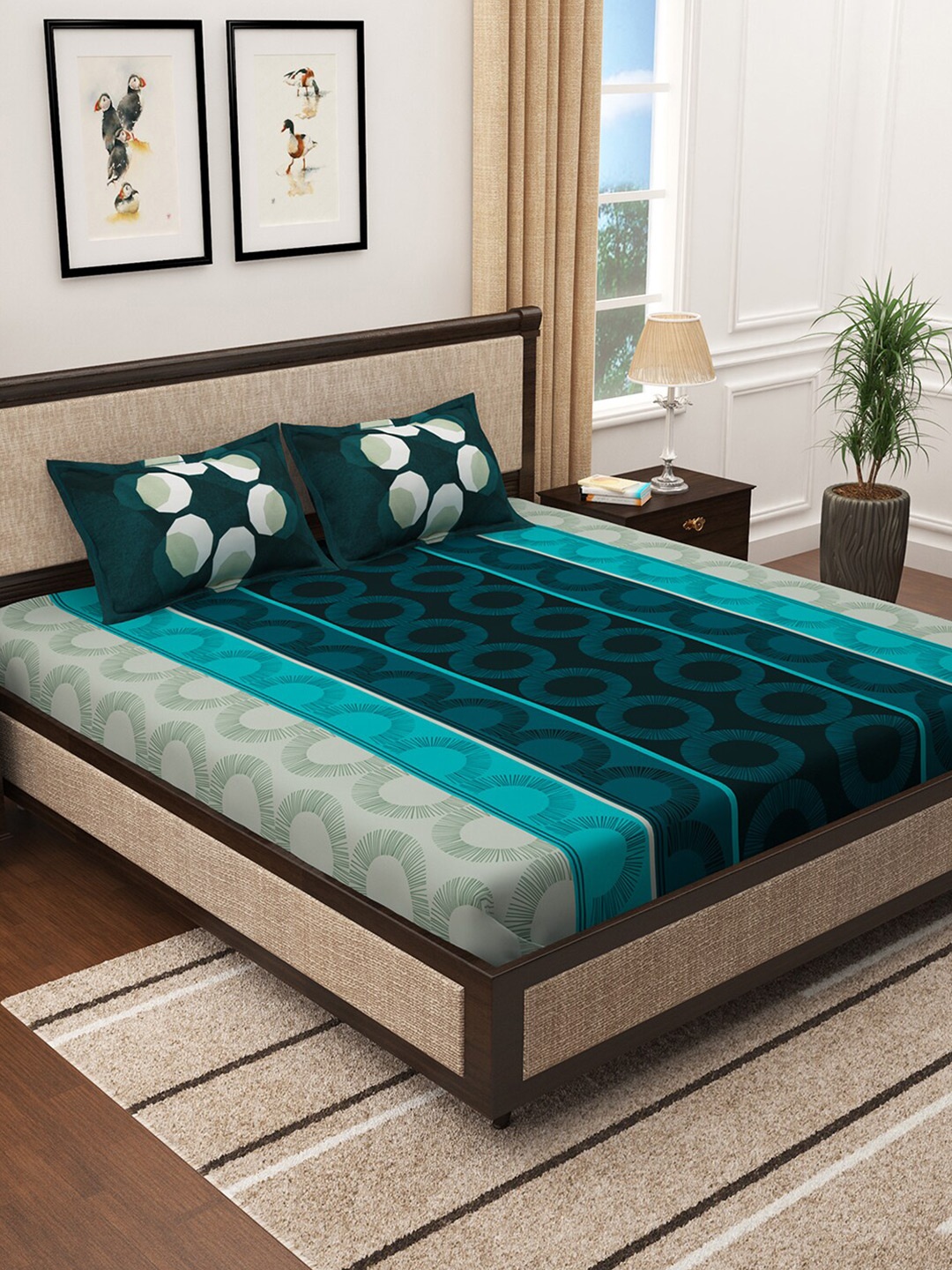 

Story@home Turquoise Blue & Grey 300 TC King Bedsheet with 2 Pillow Covers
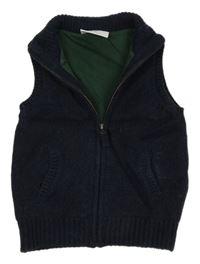 Tmavomodrá vlněná podšitá propínací vesta 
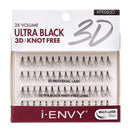 Pestañas individuales 3D largas, ultra negras y sin nudos (70 unidades) - KPE06UD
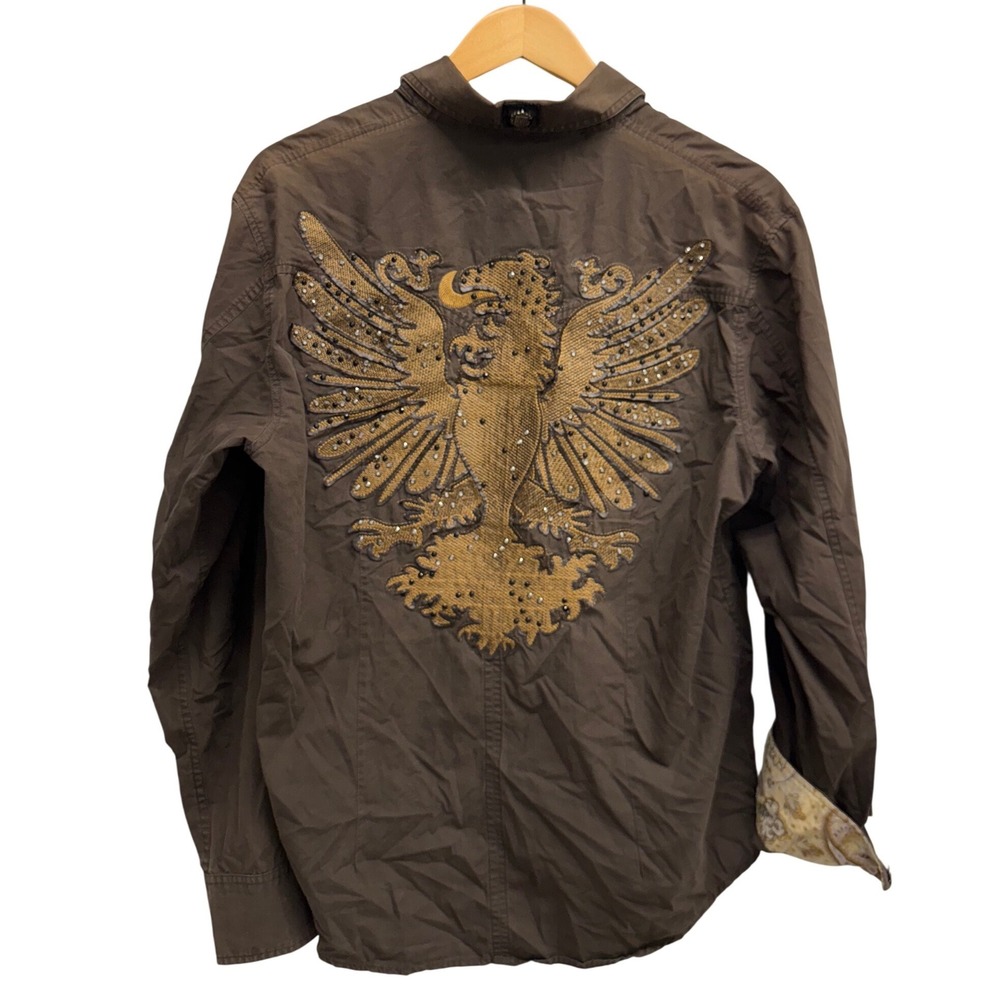 House of Lords Mens Large Brown Gold Eagle Studded Button Down Shirt Paisley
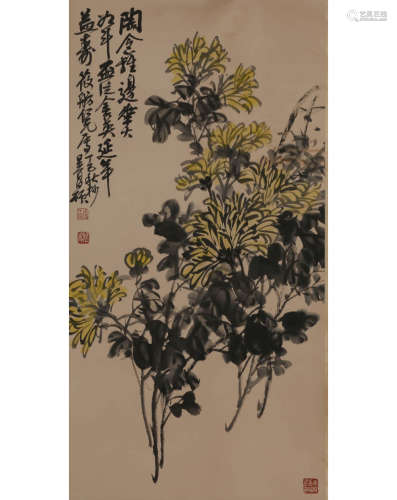 A Chinese Chrysanthemum Painting Scroll, Wu Changshuo Mark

» **Action item**
Your reply should consist solely of the lines above, from the opening line through the line with "House of Lords", reproduced exactly and without pictures.

» **Output for this exercise**
Story@home Turquoise Blue & Grey 300 TC King Bedsheet with 2 Pillow Covers
 Tmavomodrá vlněná podšitá propínací vesta 
 Pestañas individuales 3D largas, ultra negras y sin nudos (70 unidades) - KPE06UD
 House of Lords Mens Large Brown Gold Eagle Studded Button Down Shirt Paisley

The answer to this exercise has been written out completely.